Got back from holiday in Malta the other day. 'Miss European' contenders were staying at the same hotel as us. several from each country. We saw them mostly on an evening all dolled up and posing for country group shots and single shots outside the front door. All week my girlfriend was suggesting we relax around the pool rather than go sightseeing but the one day I agreed to sit beside the pool she suggested we go out and do something else. When we got back that evening we'd missed all the poolside bikini shots...
gordonjcp wrote:
Billy Connolly used to go climbing with my dad, who taught him how to play a bunch of folk songs on the guitar in the Clachaig in Glencoe ;-)
Whisky 'on the rocks'? ;-)
There is a successful musician who regularly contributes on this forum but it's up to him if he wants to ID himself.
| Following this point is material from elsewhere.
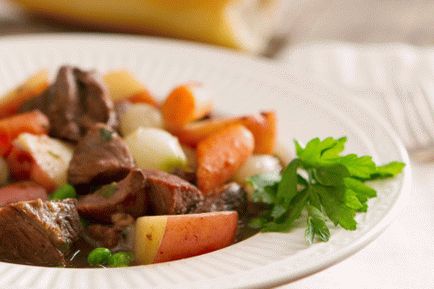 Photo Stew from beef with new potatoes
Dare say he's been in Abbey Road studio considering the type of music he's into.
Had another guy here with a P38 the other week who''s a bodybuilder and part time actor, currently features in a TV ad, will be in next season's Game Of Thrones and has been in a TV series but I forget which ones he said lol.
My dad was a club turn for 40 years and a theatrical agent later on. In his late teens or early 20s he was lead guitarist in a semi famous band called Tony Sheridan and the Sundowners. When I was a kid Billiy Connoly, Tony Christie, Marty Caine and no doubt some others I've forgotten about visited, Billy Connoly wasn't as famous back then but the others were. Dad used to book Tony Christie and Gary Barlow into clubs, Gary Barlow once slept in my dad's uncle's Hymer Mobil motorhome in the yard where I now convert vehicles to LPG. I recently converted a Nissan Elgrand to LPG for a guy from the South East who was once a roady for Tony Christie - small world.
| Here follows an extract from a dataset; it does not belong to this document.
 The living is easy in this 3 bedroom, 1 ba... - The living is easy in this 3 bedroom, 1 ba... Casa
My grandad played darts with President Rosevelt and Churchill onboard HMS Price Of Wales.
Met loads of famous people when I was DJing but I'm not very good at recognising famous people. Once I was DJing at some type of bash for Channel4 in Liverpool Town Hall and tried to cop off with a bird I didn't recognise as Sonia the 90s singer... turned out she just wanted me to play some of her records lol.
My Scouser mate's dad used to work the clubs like my dad, so when they were working in each other's areas they used to stay at each others houses (same crack as Billy Connolly stopping here). My mate now sells motorhomes, his sister runs another firm hiring out big motorhomes to famous people to stay in when they're touring. Some of those people have squeaky clean images but he reckons it takes ages to get rid of the smell of weed when some of those people have stayed in them.
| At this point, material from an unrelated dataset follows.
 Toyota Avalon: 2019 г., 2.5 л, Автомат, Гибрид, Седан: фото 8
My daughter is a scout leader and has met Bear Gryls loads of times, I think she mentioned he turned up once 'in a rangerover' but I dunno if it actually was a rangerover and even if it was dunno if it'd be a P38.
Didn't Nigel Mansel used to own a P38 and rolled it on a motorway?
White paint - Tipex might as well shift from stationery suppliers to car parts stockists, I always keep some around lol.